Gdy organizm powie "stop". Garść sposobów na (po)świąteczne przejedzenie
Jako że historia (i to nie tylko ta przez wielkie "h") lubi się powtarzać, sytuacja w wielu polskich domach może dziś przypominać chaos po majonezowej bitwie, a słowo "przejedzenie" odmieniane być przez wszystkie przypadki. Cechy charakterystyczne? Lekkie sapnięcie przy każdej zmianie pozycji, spojrzenie wbite w sufit i "nigdy więcej" powtarzane pod nosem niczym mantra. Jak radzić sobie więc ze stanem zawieszenia między kolejną dokładką serniczka a wyrzutami sumienia? Szczęśliwie – nie wszystko stracone. I choć nie obiecujemy cudów, zapewniamy, że ulga jest w zasięgu ręki.

Świąteczny reset. Jak wrócić do stanu używalności?
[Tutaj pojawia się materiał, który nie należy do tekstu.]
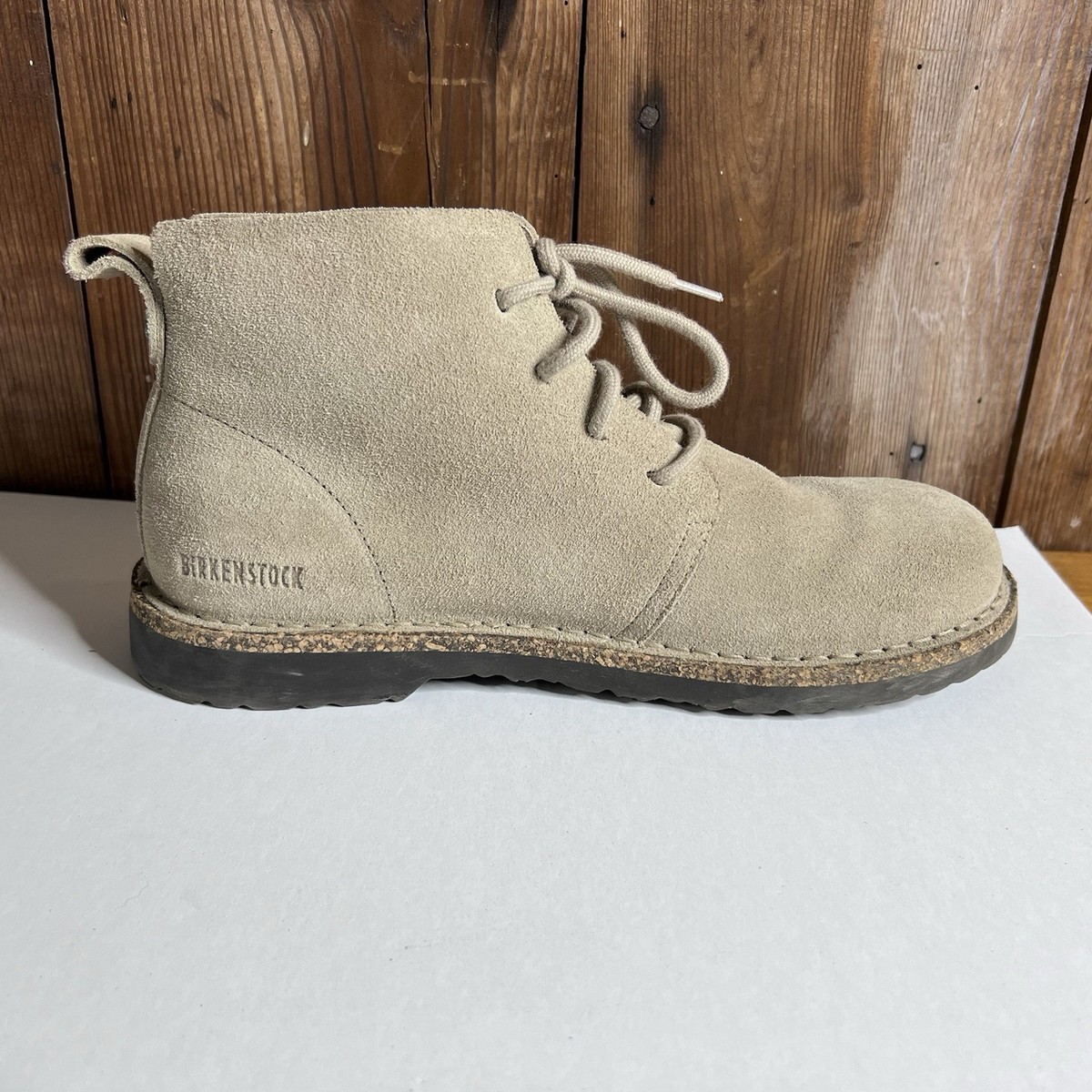 Birkenstock Uppsala Mid Taupe Suede Leather Chukka Boots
Zacznijmy od rady, która powinna wydawać się oczywista, choć i o niej – wbrew zdrowemu rozsądkowi – łatwo zapomnieć. Dalszemu jedzeniu mówimy więc "stop". "Dojadanie", "wyrównywanie" i "przełamywanie słonego czymś słodkim" może jedynie pogorszyć sprawę, zaś uczucie głodu w podobnej sytuacji bywa na ogół pozorne. Kilka godzin bez kolejnych porcji żurku nie spowoduje końca świata, sprawi natomiast, że organizm szybko powie "dziękuję" (zaznaczamy jednocześnie, że poniższe rady zakładają perspektywę osoby niezmagającej się z chorobami przewlekłymi).
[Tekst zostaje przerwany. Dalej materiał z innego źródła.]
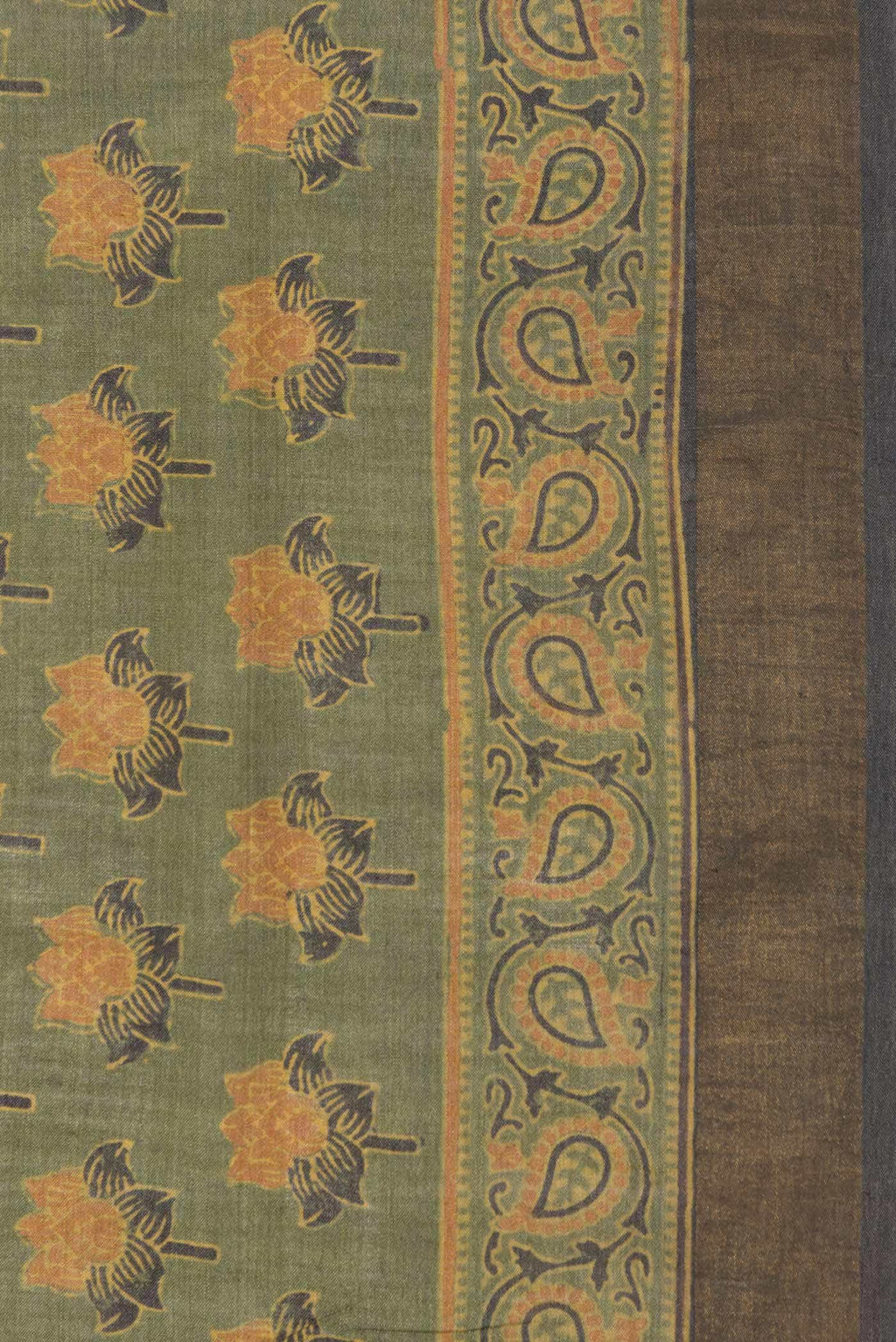 Green Dual Tone Tussar Silk Saree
Egzaminu nie zda również "zapijanie" – z dalszej części świątecznego menu powinno zniknąć zaś nie tylko "coś mocniejszego", ale również kawa i napoje gazowane. Układ trawienny potrzebuje bowiem spokoju, a nie kolejnych rewolucji. Wyjątek stanowią jednak zioła. Które konkretnie? Na liście mamy klasyczną miętę pieprzową – rozluźniającą mięśnie przewodu pokarmowego, kminek, koper włoski i anyż – pobudzające wydzielanie soków żołądkowych, rumianek – łagodzący i wspierający trawienie oraz melisę – łagodzącą niestrawności. Ulgę może również przynieść zwykła, niegazowana woda, warunkiem jest jednak, by nie pochodziła ona z lodówki. H2O pomaga trawić, usuwać toksyny czy rozrzedzać zalegające resztki, jednak niska temperatura może te procesy spowolnić.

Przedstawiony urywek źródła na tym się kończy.